Wherever the string "ceremony" occurs in a line of these records, report that line.

Caption-style text data:
┌────────
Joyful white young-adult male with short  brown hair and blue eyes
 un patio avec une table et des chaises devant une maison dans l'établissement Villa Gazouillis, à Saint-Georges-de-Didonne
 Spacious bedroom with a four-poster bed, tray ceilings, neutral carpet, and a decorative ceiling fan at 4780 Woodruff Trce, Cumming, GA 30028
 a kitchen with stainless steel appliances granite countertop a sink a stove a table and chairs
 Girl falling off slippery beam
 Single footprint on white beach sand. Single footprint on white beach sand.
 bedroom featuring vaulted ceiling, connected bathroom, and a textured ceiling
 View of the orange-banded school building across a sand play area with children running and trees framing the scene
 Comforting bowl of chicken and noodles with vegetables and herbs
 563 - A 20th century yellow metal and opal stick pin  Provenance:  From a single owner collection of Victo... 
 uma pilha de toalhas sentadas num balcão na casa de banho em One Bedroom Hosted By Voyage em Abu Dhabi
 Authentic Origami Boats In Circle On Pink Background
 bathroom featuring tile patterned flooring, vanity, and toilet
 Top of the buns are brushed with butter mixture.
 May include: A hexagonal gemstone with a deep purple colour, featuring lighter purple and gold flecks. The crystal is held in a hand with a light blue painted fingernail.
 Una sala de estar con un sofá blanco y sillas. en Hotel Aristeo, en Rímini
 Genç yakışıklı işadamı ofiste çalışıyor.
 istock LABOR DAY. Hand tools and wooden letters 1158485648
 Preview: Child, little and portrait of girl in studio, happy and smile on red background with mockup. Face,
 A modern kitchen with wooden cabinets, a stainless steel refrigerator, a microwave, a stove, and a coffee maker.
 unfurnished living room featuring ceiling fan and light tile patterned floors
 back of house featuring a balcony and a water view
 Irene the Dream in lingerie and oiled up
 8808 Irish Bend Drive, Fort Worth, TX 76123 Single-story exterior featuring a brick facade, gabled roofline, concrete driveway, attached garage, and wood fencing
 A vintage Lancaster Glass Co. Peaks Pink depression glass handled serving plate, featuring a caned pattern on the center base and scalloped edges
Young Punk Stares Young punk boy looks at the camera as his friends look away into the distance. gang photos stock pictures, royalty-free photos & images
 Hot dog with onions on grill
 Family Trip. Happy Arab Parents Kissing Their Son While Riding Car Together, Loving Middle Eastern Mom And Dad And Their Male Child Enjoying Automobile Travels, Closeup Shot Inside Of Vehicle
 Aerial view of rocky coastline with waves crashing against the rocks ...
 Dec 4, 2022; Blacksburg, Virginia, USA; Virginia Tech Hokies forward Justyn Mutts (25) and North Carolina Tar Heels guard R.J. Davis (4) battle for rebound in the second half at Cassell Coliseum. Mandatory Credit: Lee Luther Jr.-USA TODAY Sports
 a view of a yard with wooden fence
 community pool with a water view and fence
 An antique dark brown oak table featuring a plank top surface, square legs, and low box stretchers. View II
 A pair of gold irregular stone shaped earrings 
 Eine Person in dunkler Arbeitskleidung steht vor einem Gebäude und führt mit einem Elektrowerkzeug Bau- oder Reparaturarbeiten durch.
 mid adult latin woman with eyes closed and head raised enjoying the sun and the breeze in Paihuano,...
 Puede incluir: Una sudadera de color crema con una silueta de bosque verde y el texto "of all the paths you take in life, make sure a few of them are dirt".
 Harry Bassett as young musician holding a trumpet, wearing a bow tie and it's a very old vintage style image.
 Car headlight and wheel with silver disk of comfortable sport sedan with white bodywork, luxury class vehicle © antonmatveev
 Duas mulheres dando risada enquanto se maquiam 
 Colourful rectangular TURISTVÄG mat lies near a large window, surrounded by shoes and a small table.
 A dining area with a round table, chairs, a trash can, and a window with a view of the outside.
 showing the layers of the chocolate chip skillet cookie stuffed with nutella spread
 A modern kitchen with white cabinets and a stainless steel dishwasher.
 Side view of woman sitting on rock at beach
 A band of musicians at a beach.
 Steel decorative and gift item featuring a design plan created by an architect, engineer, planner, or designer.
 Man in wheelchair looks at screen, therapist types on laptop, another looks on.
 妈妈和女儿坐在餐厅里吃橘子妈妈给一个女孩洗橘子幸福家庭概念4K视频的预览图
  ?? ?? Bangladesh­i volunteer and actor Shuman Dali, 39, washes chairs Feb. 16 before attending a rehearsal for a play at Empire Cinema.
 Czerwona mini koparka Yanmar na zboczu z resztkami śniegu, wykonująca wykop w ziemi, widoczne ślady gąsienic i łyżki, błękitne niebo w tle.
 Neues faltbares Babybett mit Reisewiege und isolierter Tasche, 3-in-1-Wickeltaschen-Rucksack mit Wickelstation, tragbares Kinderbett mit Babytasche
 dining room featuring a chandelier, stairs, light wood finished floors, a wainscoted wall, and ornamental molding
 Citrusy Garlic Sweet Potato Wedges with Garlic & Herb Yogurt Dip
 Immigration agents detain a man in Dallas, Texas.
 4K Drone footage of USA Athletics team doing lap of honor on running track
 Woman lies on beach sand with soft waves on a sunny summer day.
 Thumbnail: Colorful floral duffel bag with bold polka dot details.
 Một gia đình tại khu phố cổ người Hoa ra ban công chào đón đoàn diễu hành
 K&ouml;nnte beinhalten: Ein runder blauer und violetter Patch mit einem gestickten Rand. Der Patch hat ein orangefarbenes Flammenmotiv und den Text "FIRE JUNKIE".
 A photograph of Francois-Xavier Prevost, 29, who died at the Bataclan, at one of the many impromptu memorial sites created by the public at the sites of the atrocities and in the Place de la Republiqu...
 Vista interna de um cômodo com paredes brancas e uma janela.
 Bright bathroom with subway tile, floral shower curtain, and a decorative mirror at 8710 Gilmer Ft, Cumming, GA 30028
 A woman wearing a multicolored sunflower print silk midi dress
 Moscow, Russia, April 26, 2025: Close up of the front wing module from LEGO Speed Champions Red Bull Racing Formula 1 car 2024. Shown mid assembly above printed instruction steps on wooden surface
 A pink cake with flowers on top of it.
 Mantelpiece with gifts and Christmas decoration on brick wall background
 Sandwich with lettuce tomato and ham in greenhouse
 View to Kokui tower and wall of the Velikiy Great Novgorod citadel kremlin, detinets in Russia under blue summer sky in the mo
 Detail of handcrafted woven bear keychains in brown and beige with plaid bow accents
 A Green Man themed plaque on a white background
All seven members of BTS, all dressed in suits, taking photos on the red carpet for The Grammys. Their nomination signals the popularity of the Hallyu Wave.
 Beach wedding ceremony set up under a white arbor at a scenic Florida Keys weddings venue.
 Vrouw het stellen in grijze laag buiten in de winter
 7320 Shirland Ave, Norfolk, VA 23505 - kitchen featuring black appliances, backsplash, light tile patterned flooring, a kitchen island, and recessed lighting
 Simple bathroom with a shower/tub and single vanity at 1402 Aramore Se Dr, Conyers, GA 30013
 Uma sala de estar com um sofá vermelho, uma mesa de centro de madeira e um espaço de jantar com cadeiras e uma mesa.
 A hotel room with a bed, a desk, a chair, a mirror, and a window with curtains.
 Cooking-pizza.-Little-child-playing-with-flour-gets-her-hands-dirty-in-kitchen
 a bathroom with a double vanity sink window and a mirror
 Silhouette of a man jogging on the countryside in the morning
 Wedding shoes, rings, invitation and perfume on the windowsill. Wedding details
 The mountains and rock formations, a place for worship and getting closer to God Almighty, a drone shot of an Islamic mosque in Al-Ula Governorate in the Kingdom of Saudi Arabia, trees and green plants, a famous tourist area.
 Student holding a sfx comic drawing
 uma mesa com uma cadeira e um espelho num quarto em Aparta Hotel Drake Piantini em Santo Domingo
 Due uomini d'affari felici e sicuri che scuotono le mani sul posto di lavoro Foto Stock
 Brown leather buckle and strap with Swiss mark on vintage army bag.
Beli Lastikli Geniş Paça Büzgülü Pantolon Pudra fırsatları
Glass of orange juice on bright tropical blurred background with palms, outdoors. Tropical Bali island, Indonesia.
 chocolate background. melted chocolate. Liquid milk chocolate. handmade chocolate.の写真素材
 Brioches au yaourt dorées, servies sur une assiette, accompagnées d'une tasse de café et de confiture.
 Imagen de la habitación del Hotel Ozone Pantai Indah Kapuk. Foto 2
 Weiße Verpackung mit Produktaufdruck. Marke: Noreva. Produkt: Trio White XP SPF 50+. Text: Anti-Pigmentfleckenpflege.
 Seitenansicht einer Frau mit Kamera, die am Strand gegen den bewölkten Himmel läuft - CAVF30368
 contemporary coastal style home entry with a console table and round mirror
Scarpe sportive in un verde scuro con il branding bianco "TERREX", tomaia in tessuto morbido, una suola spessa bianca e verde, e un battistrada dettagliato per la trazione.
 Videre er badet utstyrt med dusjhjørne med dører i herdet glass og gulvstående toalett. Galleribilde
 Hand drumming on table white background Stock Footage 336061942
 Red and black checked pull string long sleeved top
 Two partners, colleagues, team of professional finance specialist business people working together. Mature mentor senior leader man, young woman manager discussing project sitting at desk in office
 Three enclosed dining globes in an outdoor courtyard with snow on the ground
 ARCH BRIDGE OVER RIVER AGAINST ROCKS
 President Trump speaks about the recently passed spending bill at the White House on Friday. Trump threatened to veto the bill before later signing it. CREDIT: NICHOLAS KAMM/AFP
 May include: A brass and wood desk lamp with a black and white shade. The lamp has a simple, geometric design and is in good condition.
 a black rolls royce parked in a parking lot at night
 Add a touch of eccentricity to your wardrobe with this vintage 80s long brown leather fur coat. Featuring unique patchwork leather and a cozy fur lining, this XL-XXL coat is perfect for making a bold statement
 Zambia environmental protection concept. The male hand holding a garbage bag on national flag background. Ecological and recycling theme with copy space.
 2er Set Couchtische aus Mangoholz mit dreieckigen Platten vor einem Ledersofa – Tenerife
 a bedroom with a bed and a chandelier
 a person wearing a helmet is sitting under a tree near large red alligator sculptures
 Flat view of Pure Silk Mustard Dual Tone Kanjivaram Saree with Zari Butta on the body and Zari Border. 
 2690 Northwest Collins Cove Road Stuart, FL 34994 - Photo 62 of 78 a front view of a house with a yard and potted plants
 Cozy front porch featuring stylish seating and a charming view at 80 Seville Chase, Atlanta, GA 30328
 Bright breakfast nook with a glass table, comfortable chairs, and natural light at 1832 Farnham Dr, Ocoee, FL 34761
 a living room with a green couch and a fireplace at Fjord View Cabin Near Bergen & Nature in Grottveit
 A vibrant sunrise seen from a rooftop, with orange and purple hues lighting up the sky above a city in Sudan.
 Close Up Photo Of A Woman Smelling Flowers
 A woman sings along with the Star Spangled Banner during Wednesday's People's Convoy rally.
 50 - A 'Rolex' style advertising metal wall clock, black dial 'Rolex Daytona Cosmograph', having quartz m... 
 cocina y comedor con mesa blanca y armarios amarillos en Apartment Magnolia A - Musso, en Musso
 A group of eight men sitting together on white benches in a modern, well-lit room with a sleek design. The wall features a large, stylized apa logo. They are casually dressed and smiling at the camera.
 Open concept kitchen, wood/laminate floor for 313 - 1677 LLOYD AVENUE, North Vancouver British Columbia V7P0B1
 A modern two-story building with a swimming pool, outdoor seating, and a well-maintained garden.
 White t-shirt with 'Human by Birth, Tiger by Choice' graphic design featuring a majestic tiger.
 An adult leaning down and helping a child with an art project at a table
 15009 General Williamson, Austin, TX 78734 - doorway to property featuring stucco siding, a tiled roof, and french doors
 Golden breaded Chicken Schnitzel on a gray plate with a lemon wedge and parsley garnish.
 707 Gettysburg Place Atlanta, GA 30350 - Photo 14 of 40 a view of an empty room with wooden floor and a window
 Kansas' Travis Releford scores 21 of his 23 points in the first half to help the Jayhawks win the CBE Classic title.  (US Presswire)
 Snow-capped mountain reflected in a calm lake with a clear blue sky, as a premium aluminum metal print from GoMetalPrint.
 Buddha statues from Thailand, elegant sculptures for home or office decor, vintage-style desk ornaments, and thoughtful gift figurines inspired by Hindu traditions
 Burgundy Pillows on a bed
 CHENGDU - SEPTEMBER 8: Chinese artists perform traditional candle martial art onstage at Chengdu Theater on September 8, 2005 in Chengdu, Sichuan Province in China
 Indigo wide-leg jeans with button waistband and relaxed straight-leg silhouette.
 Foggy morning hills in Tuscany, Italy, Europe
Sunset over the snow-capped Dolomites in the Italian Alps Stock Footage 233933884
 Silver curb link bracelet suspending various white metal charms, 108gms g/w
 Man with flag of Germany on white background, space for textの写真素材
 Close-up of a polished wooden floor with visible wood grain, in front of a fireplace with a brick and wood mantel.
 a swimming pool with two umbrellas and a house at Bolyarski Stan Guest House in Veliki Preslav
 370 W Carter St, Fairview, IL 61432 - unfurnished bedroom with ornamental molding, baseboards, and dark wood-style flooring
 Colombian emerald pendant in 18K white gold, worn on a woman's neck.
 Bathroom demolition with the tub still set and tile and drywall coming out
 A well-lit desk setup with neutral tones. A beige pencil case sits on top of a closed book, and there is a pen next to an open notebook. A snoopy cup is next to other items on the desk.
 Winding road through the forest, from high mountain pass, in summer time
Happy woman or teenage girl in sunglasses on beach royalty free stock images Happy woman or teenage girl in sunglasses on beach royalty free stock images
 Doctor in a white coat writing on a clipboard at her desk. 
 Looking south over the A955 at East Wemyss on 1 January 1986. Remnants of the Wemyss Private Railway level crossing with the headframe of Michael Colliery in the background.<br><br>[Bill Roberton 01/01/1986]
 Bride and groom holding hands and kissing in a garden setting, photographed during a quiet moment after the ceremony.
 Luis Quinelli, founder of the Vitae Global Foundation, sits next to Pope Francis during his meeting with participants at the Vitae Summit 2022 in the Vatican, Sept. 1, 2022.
└────────
Completed task:
 Beach wedding ceremony set up under a white arbor at a scenic Florida Keys weddings venue.
 Bride and groom holding hands and kissing in a garden setting, photographed during a quiet moment after the ceremony.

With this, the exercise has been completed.